Information shown:
######

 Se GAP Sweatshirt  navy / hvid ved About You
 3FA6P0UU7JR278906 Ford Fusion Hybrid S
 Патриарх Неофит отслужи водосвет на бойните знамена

######

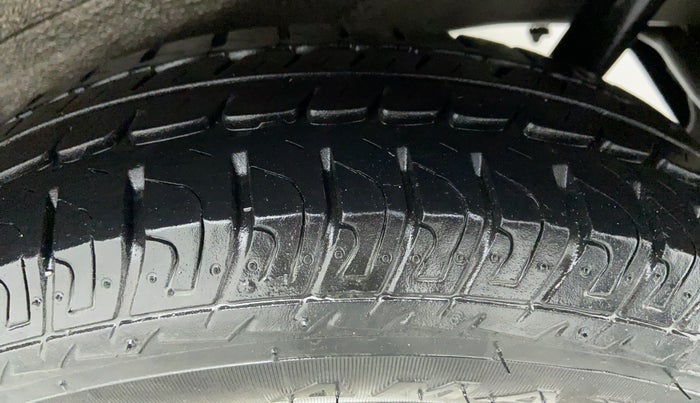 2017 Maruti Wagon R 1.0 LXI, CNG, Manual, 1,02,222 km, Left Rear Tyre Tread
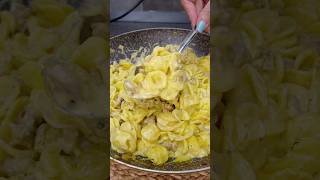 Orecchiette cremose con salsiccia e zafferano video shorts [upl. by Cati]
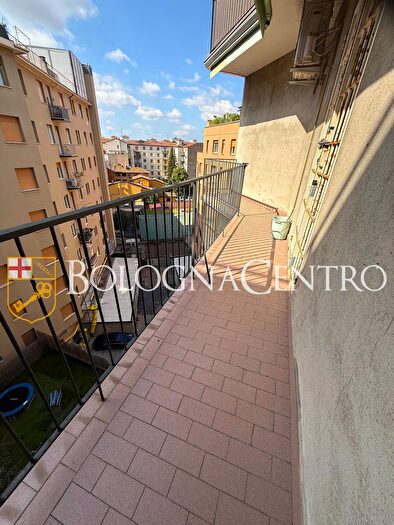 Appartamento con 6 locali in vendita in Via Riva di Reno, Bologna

######

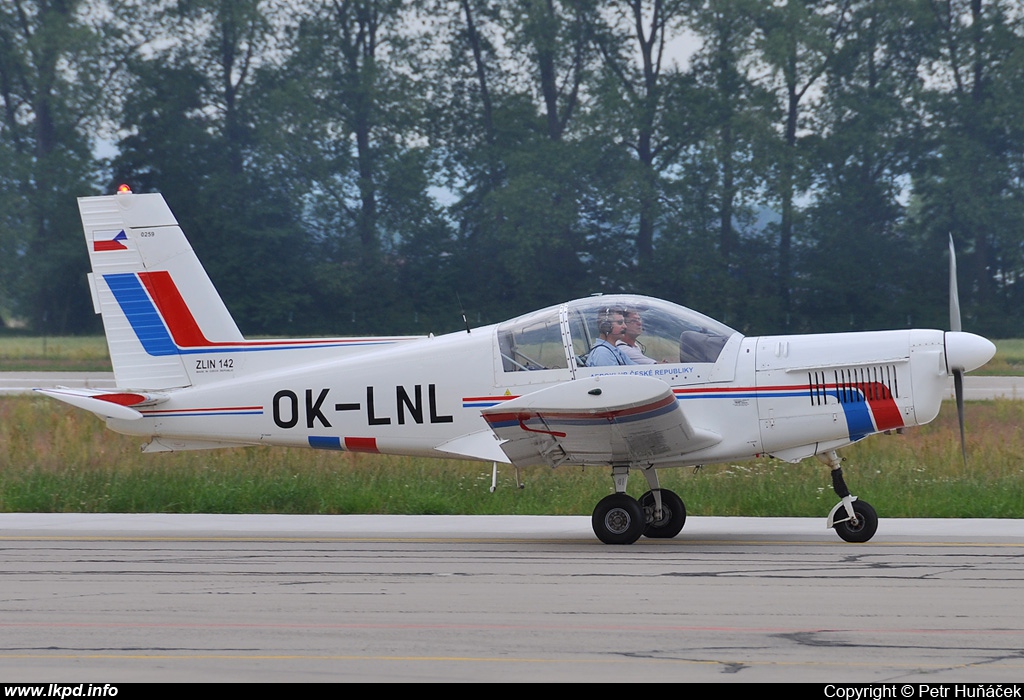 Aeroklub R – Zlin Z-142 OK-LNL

######

Exercise brief: Using the records above, repeat exactly the run of lines that starts with the line with "Orecchiette cremose con" and goes on through the line with "Appartamento con 6"; omit each picture.

Result of this task:
 Orecchiette cremose con salsiccia e zafferano video shorts [upl. by Cati]
 Appartamento con 6 locali in vendita in Via Riva di Reno, Bologna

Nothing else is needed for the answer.